§ **Your objective**
Give back the exact lines of the material below from the one containing "Aobabo 2 Drawer" through the one containing "UNOde50 LIGHT IT", and no pictures.

§ **Extracted entries**
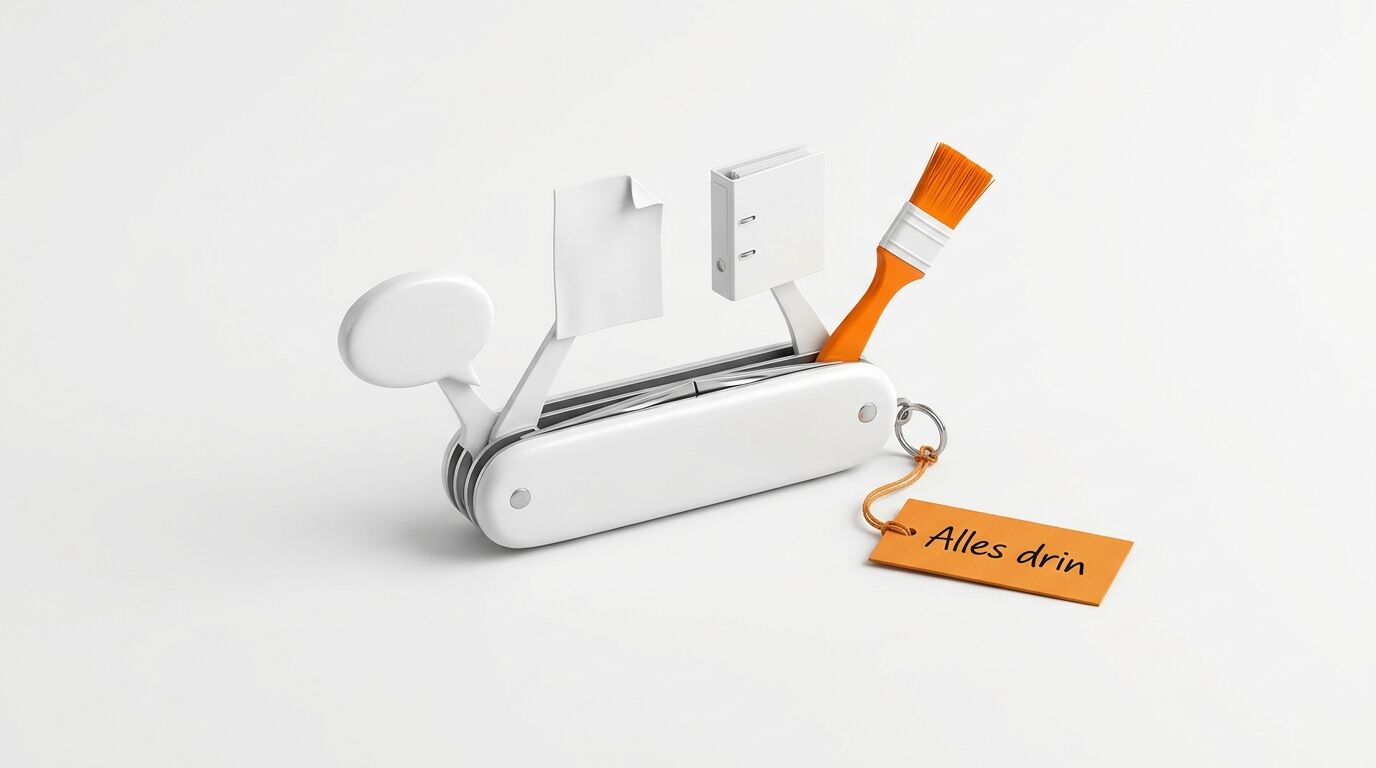 Schweizer Taschenmesser mit Symbolen, orangefarbenem Pinsel und einem Anhänger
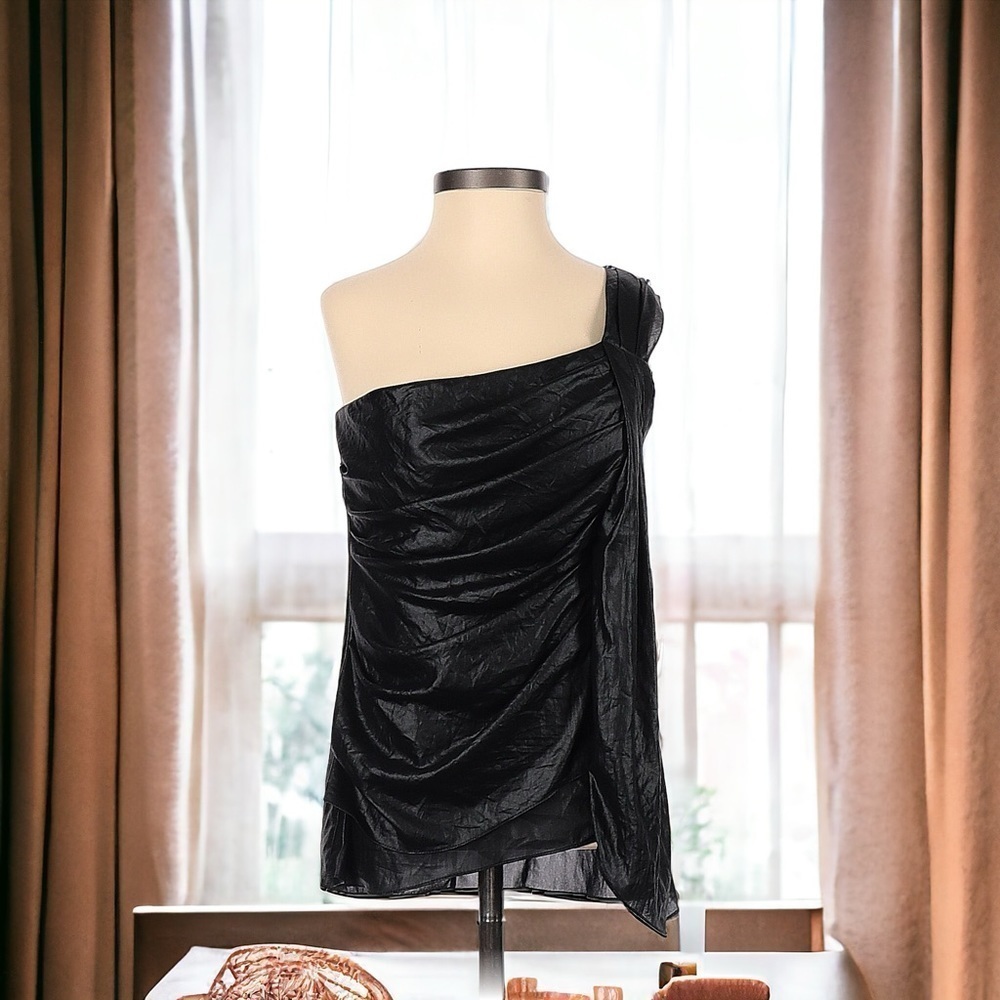 BCBGMaxAzria x Revolve Asymmetrical Draped One-Shoulder Top – Black – Size 0 - Picture 2 of 16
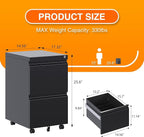 Aobabo 2 Drawer File Cabinet, Metal Filing Cabinet with Lock for Office Legal/Letter Size, Black, Fully Assembled Except Wheels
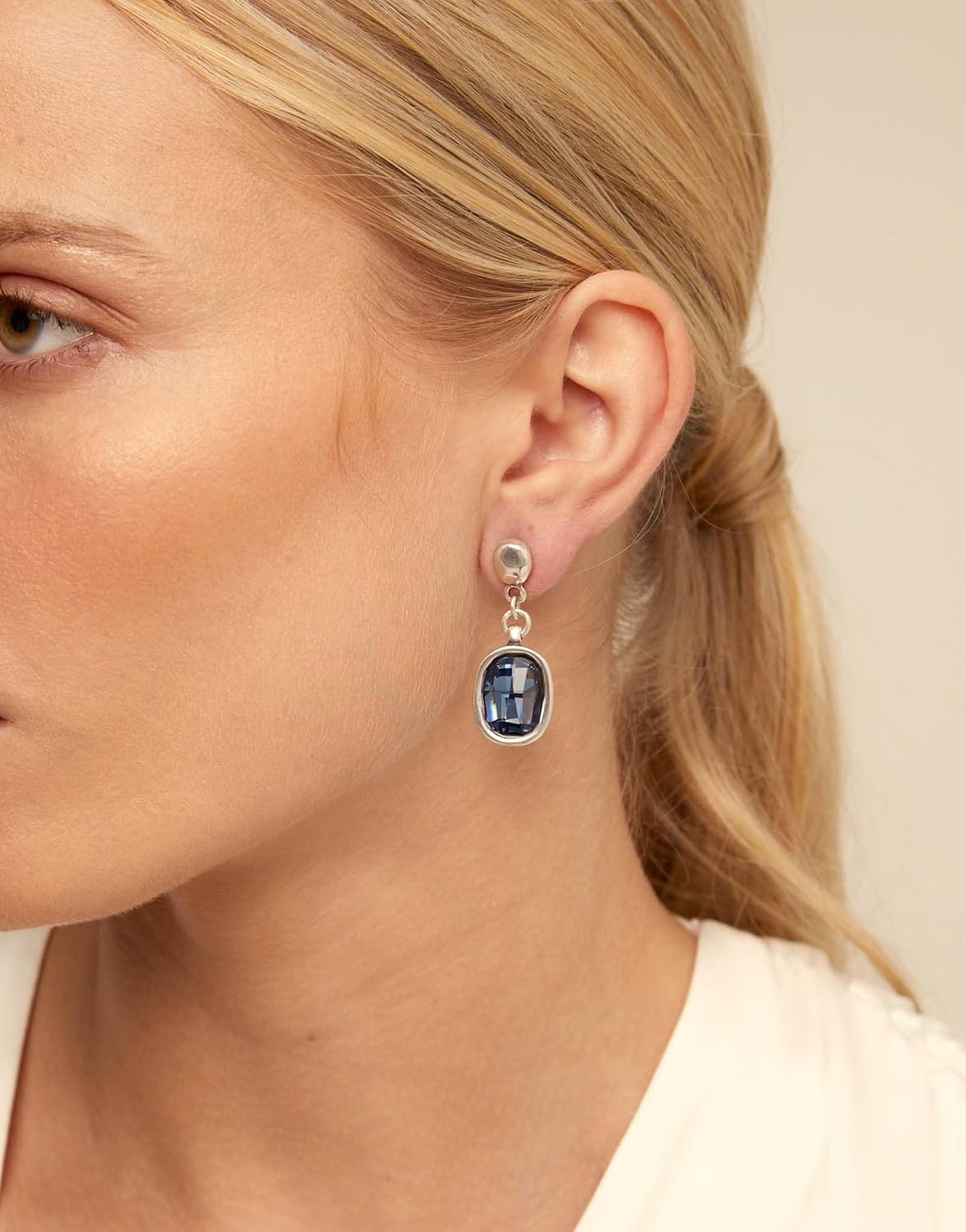 UNOde50 LIGHT IT UP Denim Blue Crystal Earrings, Sterling Silver-Plated - Image 3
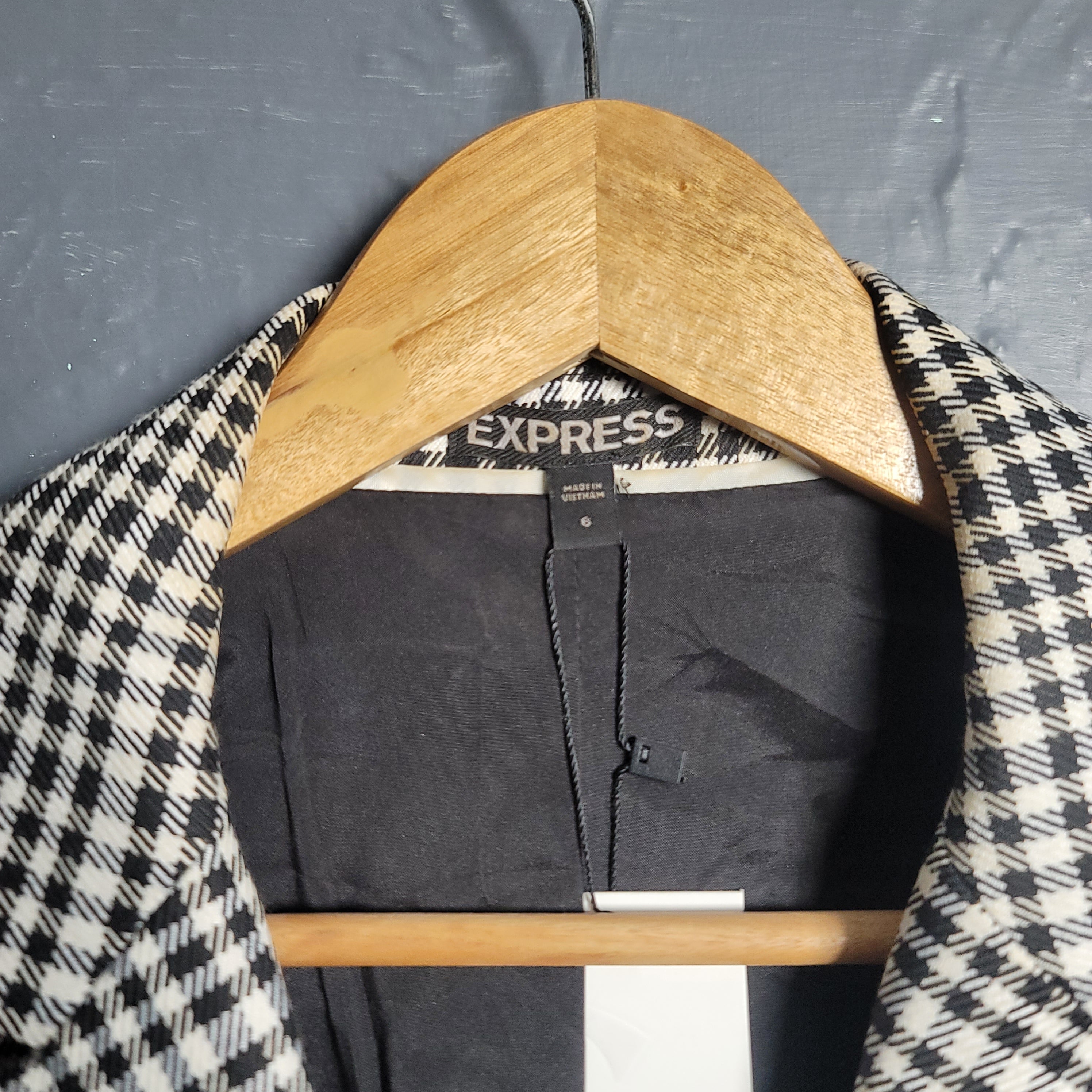 Express Black & White Plaid Cropped Blazer Jacket - THE GREY AREA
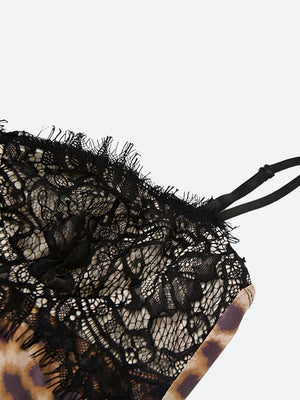 Baddie Leopard Lace Mini Dress view 4 | MAUVSTUDIO®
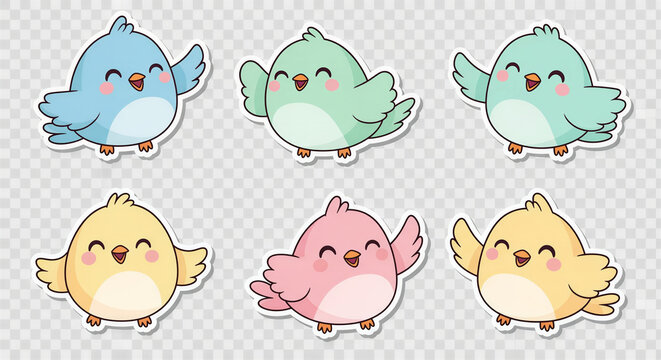 Adorable collection of happy pastel cartoon birds, cheerful little creatures for springtime designs and children's projects, cute illustrated vector style with transparent background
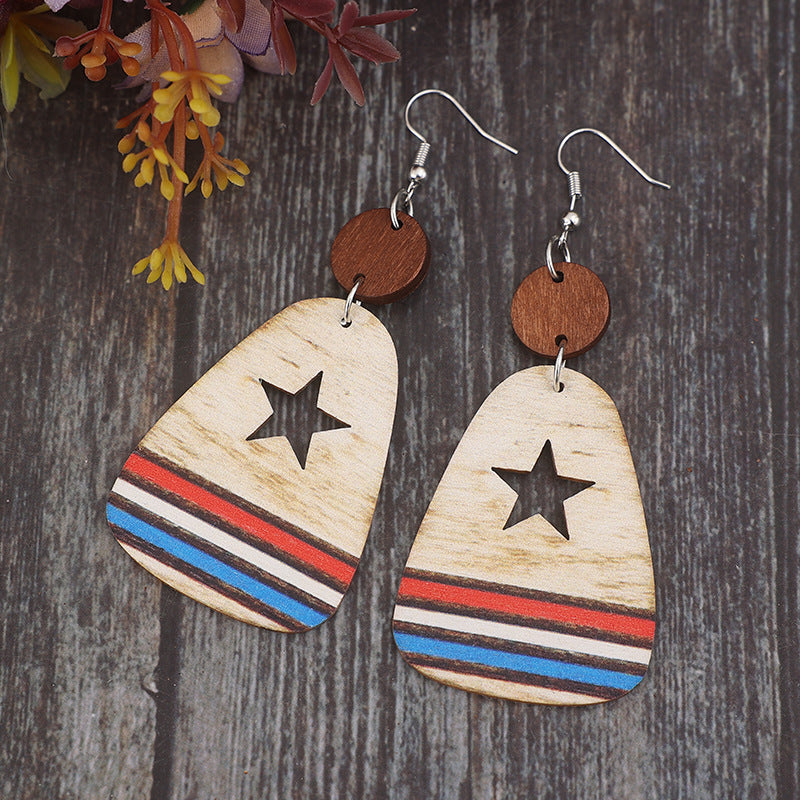 Cutout Star and Stripes Wooden Dangle Earrings Multicolor One Size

§ **Expected answer**
 Aobabo 2 Drawer File Cabinet, Metal Filing Cabinet with Lock for Office Legal/Letter Size, Black, Fully Assembled Except Wheels
 UNOde50 LIGHT IT UP Denim Blue Crystal Earrings, Sterling Silver-Plated - Image 3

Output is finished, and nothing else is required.